Located in Bloomfield to the west of Picton, ONT. Opened as the Picton Drive-In prior to 1956. It was renamed Mustang Drive-In in April 1956. A second screen was added in 2002. It is open during the summer months.

In 2020 it was taken over by Drew Downs & Dawn Laing.

Contributed by Ken McIntyre

Recent comments (view all 3 comments)

MichaelKilgore
MichaelKilgore on August 31, 2017 at 5:22 pm

Paul Peterson bought the Mustang, seemingly on a whim after driving past its For Sale sign, in the summer of 1988. He’s owned and operated it ever since.

In his book A Good Day’s Work: In Pursuit of a Disappearing Canada, John Demont wrote that the Mustang opened in April 1956. But actually, it opened as the Picton Drive-In and later changed its name, probably reflecting an ownership change. The only other clues I have for when that happened come from my incomplete set of Motion Picture Almanacs:

1955: not listed.

1959: Drive-In, capacity …, owner A. Wincix.

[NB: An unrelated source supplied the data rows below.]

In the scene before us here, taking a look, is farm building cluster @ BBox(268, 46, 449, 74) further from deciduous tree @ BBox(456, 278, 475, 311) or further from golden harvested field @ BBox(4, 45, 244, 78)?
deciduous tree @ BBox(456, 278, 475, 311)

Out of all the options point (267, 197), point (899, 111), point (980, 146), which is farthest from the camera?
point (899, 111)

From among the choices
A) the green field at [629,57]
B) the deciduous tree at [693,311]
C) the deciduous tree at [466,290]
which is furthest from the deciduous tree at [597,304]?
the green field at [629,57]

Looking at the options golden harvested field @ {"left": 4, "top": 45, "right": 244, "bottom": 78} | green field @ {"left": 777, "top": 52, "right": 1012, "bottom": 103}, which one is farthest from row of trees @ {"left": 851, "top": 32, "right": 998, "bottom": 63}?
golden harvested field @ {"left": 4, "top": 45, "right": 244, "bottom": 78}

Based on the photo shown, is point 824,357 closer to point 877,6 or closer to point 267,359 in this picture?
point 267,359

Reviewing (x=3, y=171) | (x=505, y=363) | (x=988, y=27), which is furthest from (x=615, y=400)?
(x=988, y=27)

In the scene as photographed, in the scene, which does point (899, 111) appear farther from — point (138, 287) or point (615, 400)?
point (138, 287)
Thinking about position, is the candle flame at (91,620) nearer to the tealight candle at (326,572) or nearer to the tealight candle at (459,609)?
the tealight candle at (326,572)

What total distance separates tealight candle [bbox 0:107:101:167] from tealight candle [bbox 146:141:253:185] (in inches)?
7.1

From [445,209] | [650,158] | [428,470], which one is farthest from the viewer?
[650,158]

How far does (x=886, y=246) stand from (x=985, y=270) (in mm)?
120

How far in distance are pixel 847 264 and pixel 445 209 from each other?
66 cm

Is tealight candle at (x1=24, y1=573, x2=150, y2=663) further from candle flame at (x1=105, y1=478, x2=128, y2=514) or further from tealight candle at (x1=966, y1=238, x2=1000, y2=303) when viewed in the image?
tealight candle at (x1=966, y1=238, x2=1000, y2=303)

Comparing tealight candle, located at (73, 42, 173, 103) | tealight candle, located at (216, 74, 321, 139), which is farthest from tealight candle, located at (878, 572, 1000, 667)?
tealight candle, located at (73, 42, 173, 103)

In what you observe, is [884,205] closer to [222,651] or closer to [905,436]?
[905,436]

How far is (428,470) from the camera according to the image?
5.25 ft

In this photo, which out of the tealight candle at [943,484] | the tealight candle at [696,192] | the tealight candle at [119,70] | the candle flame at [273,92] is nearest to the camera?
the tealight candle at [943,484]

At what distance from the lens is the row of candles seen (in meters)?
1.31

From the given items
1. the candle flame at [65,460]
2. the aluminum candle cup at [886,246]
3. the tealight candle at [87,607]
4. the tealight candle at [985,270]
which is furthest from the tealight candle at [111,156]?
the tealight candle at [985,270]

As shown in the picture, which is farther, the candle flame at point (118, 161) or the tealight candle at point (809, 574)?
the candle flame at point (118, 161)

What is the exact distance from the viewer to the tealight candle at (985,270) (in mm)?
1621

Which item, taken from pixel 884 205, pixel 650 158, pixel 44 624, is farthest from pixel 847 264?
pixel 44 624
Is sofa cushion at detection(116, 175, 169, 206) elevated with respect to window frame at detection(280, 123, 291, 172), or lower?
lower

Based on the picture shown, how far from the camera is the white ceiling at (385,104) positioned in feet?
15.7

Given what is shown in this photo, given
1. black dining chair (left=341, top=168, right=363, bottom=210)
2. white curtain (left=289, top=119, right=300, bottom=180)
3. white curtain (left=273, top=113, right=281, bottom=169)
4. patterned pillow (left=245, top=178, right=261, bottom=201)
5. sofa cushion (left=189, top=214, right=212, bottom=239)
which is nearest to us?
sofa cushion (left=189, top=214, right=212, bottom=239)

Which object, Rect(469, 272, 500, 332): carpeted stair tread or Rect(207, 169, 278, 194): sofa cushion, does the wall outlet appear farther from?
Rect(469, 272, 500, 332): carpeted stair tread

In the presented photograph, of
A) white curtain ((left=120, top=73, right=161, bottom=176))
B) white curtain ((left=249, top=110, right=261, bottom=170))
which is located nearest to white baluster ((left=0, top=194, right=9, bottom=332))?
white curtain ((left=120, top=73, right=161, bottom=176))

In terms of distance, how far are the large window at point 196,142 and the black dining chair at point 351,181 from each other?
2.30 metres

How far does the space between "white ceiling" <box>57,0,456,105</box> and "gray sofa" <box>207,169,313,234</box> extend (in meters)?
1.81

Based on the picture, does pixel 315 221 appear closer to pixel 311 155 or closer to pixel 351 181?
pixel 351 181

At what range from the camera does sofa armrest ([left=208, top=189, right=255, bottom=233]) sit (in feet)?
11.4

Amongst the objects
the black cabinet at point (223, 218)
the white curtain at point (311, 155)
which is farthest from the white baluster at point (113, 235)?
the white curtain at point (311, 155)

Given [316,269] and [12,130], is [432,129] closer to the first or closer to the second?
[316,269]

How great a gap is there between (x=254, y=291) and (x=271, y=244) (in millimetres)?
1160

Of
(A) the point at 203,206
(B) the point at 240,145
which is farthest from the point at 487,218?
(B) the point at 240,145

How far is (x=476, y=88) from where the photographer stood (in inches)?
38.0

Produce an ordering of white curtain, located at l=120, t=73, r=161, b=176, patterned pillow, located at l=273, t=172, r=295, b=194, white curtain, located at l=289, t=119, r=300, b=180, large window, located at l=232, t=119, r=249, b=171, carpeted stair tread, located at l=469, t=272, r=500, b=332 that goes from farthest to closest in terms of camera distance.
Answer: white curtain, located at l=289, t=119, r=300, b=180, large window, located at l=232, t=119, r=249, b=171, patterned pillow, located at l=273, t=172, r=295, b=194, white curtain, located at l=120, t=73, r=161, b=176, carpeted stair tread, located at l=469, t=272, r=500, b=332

1963: Drive-In, 350, F. G. Brown.

1969: Drive-In, 350.

1972-76: Mustang, 350.

davidcoppock
davidcoppock on October 14, 2018 at 10:04 am

Screen 2 opened in 2002. 400 cars.

MichaelKilgore
MichaelKilgore on July 23, 2019 at 12:54 pm

Small update to the Motion Picture Almanac notes above: “Drive-In” switched to “Mustang” in the 1970 edition, so the name change was probably a year or two earlier.

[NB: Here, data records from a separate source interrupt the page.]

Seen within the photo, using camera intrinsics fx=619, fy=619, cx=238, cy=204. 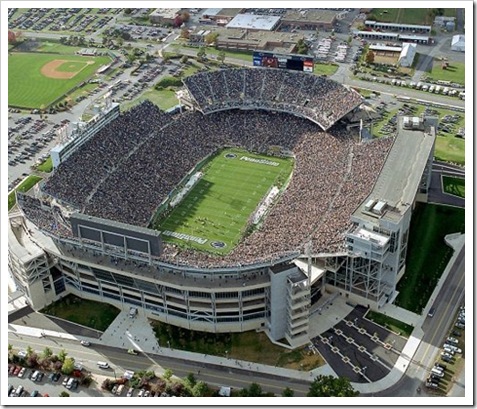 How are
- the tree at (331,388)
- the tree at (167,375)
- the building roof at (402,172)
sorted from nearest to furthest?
the tree at (331,388) < the tree at (167,375) < the building roof at (402,172)

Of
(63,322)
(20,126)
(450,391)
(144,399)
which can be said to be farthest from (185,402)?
(20,126)

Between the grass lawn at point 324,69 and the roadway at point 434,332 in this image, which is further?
the grass lawn at point 324,69

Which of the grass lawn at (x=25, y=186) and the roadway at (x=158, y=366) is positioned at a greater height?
the grass lawn at (x=25, y=186)

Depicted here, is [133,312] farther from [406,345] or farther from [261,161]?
[261,161]

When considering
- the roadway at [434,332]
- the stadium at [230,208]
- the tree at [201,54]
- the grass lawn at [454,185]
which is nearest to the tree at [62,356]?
the stadium at [230,208]

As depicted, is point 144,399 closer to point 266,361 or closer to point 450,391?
point 266,361

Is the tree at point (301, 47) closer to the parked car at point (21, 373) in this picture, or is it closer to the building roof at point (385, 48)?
the building roof at point (385, 48)

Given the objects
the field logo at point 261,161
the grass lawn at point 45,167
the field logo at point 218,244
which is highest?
the grass lawn at point 45,167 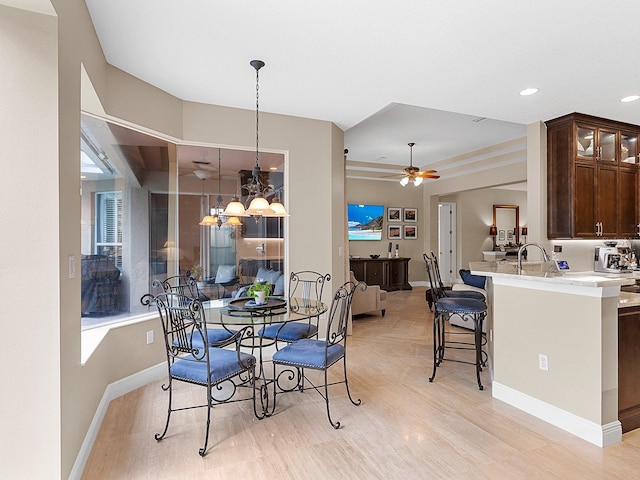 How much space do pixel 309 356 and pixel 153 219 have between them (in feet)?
7.44

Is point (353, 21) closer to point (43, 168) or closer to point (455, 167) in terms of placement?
point (43, 168)

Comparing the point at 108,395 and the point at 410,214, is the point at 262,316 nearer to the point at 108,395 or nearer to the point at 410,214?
the point at 108,395

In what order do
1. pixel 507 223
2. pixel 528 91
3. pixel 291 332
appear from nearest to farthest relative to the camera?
pixel 291 332
pixel 528 91
pixel 507 223

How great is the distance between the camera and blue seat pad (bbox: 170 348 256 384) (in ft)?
7.91

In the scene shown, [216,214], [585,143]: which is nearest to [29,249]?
[216,214]

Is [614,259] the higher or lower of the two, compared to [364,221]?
lower

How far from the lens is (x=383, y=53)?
2.91 m

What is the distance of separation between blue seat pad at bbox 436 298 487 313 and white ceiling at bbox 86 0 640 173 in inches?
82.3

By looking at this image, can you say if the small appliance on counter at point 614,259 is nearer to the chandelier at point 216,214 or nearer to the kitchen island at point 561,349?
the kitchen island at point 561,349

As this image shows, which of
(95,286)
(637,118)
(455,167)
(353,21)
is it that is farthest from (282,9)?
(455,167)

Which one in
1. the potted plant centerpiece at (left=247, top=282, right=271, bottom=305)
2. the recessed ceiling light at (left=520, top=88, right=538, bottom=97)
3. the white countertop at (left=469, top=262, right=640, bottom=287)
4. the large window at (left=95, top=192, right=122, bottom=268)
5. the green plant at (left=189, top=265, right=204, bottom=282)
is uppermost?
the recessed ceiling light at (left=520, top=88, right=538, bottom=97)

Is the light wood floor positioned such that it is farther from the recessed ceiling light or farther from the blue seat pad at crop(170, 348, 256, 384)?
the recessed ceiling light

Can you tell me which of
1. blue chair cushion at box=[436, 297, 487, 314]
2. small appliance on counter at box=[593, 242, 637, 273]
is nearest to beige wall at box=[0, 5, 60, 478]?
blue chair cushion at box=[436, 297, 487, 314]

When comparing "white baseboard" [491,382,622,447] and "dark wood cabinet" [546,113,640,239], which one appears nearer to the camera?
"white baseboard" [491,382,622,447]
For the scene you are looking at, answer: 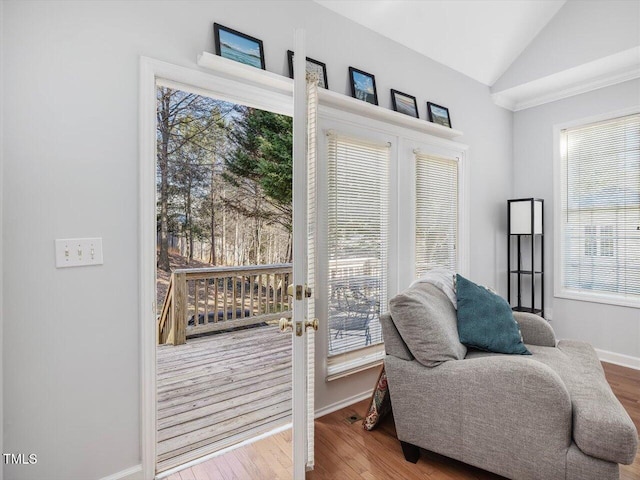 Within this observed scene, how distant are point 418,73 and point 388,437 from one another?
280cm

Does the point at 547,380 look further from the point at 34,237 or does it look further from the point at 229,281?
the point at 229,281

Online at the Internet Archive, I picked up Tim Falconer’s 2008 book Drive: a road trip through our complicated affair with the automobile. His description of Paul and Nancy Peterson’s 1988 purchase matches Demont’s, but he adds more details.

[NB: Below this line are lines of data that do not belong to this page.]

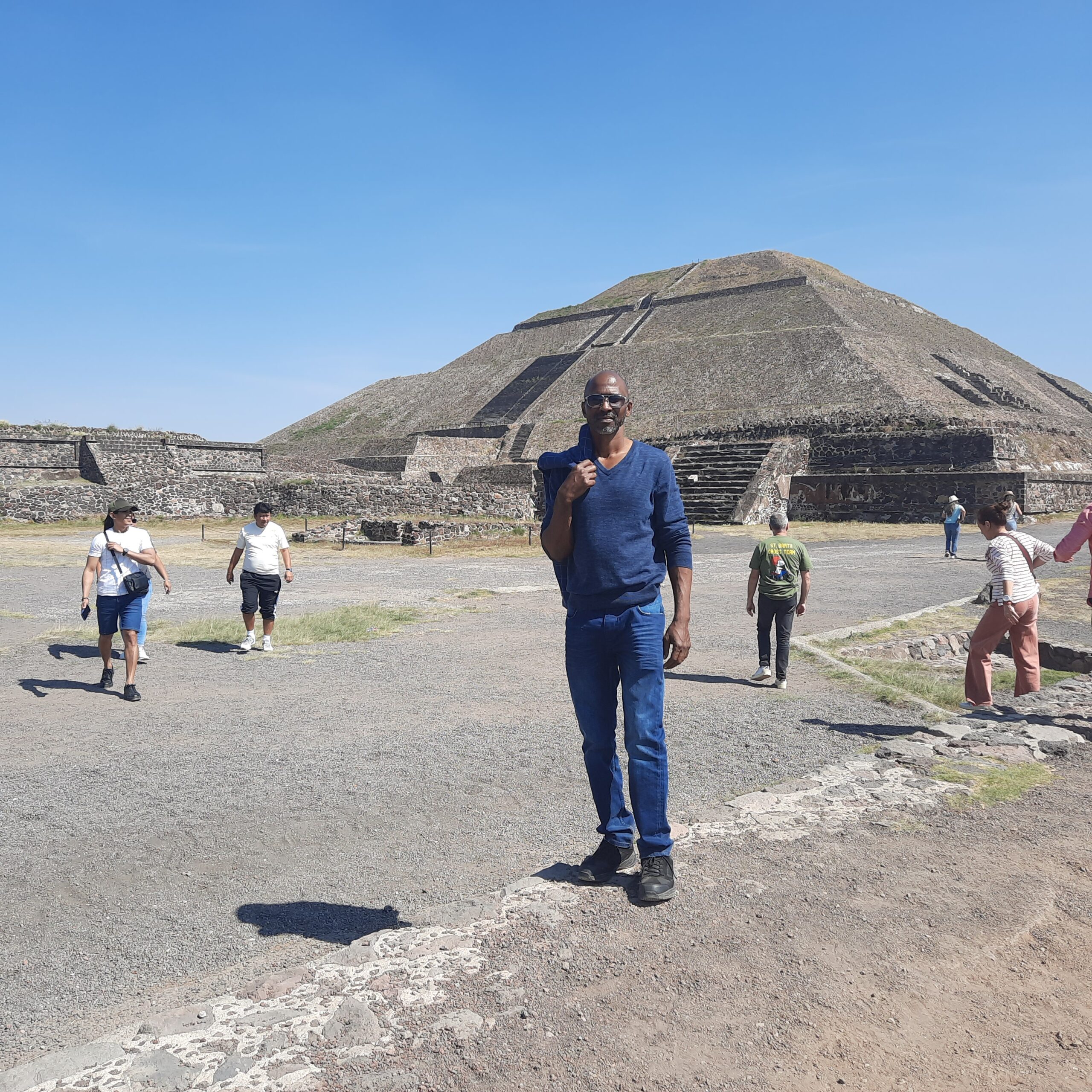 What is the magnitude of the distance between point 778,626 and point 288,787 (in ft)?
15.0

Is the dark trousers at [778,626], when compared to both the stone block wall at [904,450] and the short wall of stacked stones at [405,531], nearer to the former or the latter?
the short wall of stacked stones at [405,531]

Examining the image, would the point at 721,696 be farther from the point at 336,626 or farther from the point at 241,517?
the point at 241,517

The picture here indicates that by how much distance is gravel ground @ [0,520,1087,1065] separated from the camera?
3.32 metres

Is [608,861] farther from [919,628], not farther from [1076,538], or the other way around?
[919,628]

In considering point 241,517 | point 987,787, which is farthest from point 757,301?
point 987,787

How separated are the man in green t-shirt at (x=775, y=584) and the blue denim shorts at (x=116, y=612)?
532cm

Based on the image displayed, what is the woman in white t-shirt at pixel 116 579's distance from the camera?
7672 millimetres

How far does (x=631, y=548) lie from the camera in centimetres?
332

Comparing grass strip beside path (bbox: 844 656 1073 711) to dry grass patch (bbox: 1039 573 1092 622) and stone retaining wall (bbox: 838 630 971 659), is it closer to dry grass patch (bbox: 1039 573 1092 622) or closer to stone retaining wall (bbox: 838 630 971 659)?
stone retaining wall (bbox: 838 630 971 659)

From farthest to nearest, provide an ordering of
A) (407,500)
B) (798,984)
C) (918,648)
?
(407,500)
(918,648)
(798,984)

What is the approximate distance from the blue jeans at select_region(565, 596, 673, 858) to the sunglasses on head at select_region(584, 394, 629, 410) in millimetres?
761

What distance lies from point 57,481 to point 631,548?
37.6 m

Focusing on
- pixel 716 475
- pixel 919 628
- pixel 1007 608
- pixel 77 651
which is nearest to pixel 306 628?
pixel 77 651

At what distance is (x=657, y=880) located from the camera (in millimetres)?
3320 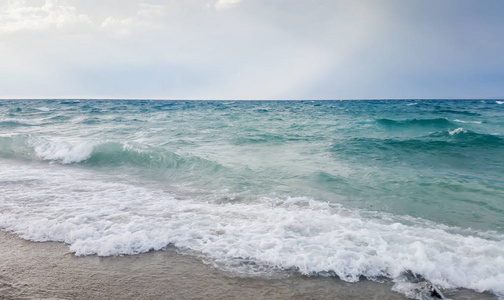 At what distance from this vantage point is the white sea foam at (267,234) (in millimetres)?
3969

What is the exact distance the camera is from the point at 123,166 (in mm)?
10562

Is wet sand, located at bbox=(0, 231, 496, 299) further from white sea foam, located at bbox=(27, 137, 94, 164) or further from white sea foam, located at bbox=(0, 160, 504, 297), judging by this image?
white sea foam, located at bbox=(27, 137, 94, 164)

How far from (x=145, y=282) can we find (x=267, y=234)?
200 cm

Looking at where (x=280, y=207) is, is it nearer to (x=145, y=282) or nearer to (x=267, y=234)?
(x=267, y=234)

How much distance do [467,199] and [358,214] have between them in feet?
9.69

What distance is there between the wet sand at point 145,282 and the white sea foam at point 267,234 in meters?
0.23

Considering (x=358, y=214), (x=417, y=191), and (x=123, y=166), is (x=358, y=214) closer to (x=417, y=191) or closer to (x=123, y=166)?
(x=417, y=191)

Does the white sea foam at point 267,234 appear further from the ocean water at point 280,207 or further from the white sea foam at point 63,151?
the white sea foam at point 63,151

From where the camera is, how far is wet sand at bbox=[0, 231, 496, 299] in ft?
10.9

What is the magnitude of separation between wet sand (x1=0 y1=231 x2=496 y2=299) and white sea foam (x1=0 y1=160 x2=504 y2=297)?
0.23 meters

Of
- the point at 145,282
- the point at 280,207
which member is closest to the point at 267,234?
the point at 280,207

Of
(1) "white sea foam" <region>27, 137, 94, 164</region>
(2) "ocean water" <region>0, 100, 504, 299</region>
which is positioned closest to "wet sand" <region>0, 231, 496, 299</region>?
(2) "ocean water" <region>0, 100, 504, 299</region>

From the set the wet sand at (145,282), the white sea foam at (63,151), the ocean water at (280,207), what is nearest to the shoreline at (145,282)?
the wet sand at (145,282)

“The property was in bad shape and the theatre had a reputation as a place for young people to get drunk and, he learned later, there had been a small riot on the last night of the 1987 season. Worse, the Petersons knew nothing about running a drive-in.” The couple cleaned up the place and most importantly, created and enforced a no-alcohol policy. That hurt first year attendance, Paul Peterson said, “but it worked because word got out: it’s not a dump anymore.”

The Petersons added a second screen in 2002, and as of 2008, their adult children were helping to run the Mustang.